Exercise prompt:
What you submit must be an exact copy of the listing below, with no images in it.
[Opening Source information section]
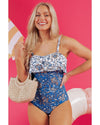 Sky Blue Floral Printed Ruffle Removable Strap One Piece Swimsuit - M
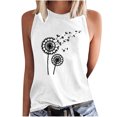 thumbnail image 1 of PVCS Women Dandelions Print Tank Fit O-Neck Sleeveless Block Shirts Tunic Tee Tops, 1 of 9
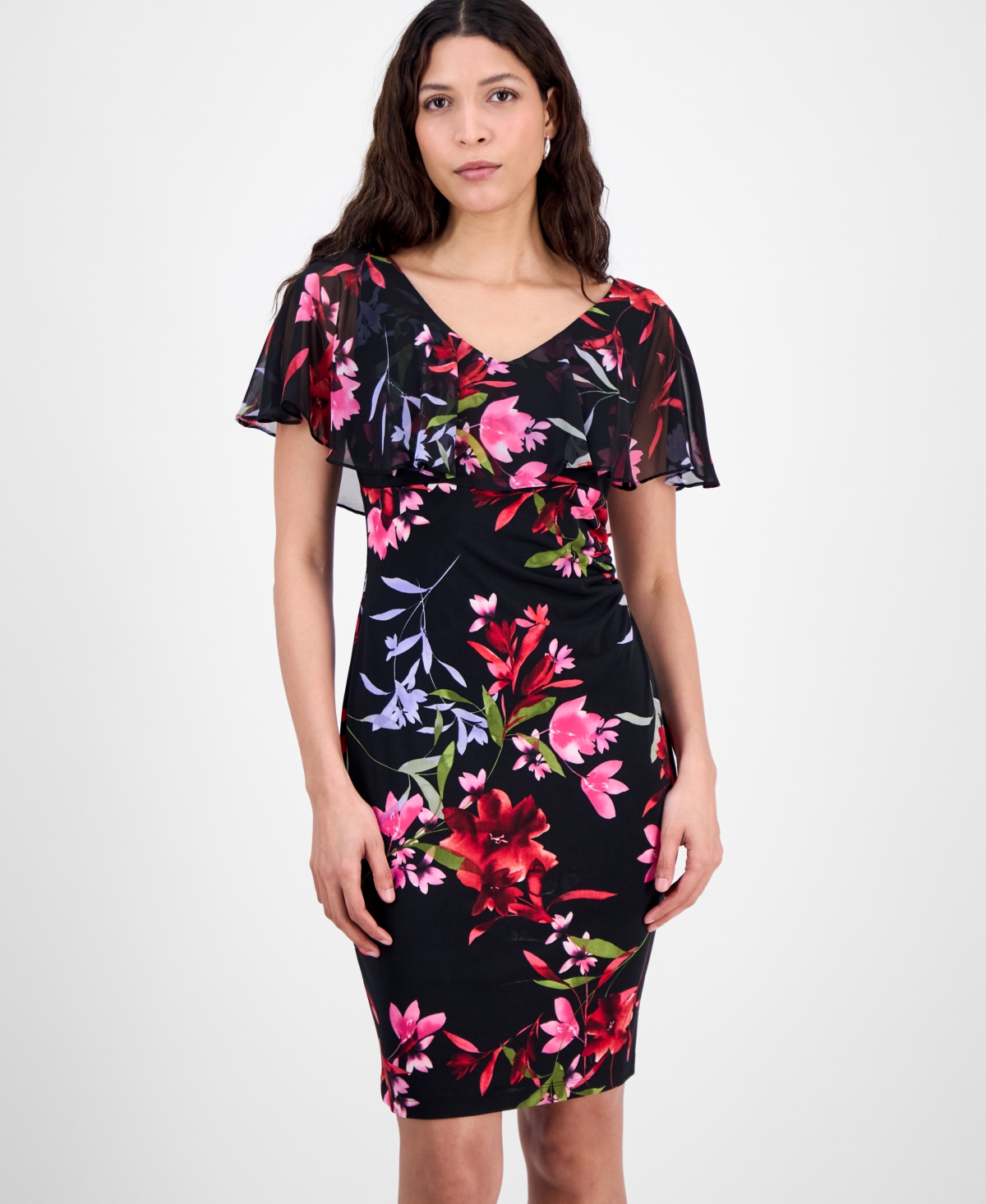 Capelet-Overlay Sheath Dress - Red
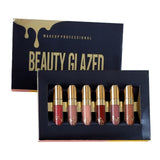 VVip BEAUTY GLAZED 6pcs/Set Liquid Lipstick Lip Gloss Professional Makeup Matte Lipstick Lip Kit Long Lasting Cosmetic Maquiagem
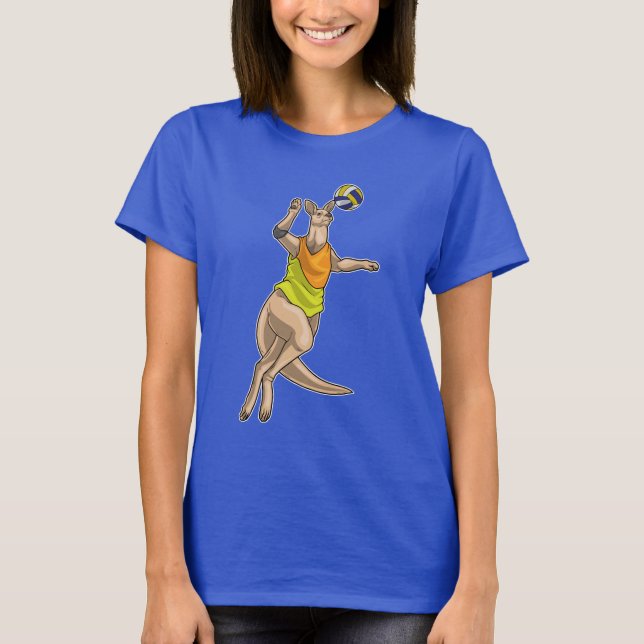 Kangaroo Volleyball-spelare Volleyball T Shirt (Framsida)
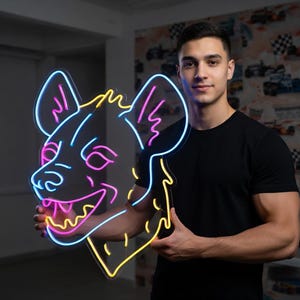 Hyena Head Neon Sign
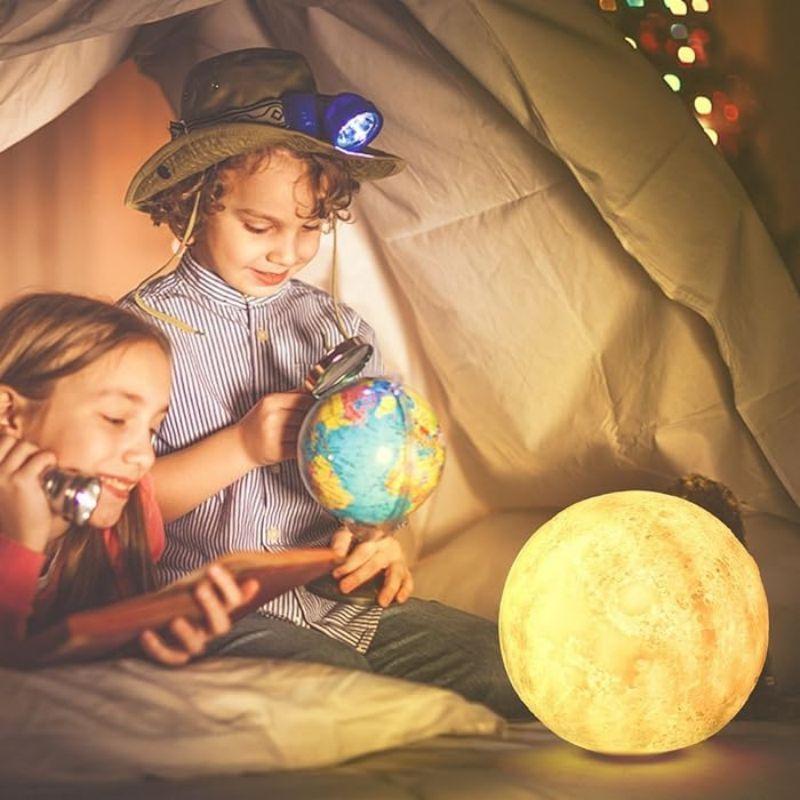 16-Color LED Moon Lamp with Stand and Remote Control Realistic 3D Carved Moon Surface Soft Frosted Lampshade Energy-Efficient LED Beads for Home Decoration and Night Light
[Closing Source information section]
Reply:
 Sky Blue Floral Printed Ruffle Removable Strap One Piece Swimsuit - M
 thumbnail image 1 of PVCS Women Dandelions Print Tank Fit O-Neck Sleeveless Block Shirts Tunic Tee Tops, 1 of 9
 Capelet-Overlay Sheath Dress - Red
 VVip BEAUTY GLAZED 6pcs/Set Liquid Lipstick Lip Gloss Professional Makeup Matte Lipstick Lip Kit Long Lasting Cosmetic Maquiagem
 Kangaroo Volleyball-spelare Volleyball T Shirt (Framsida)
 Hyena Head Neon Sign
 16-Color LED Moon Lamp with Stand and Remote Control Realistic 3D Carved Moon Surface Soft Frosted Lampshade Energy-Efficient LED Beads for Home Decoration and Night Light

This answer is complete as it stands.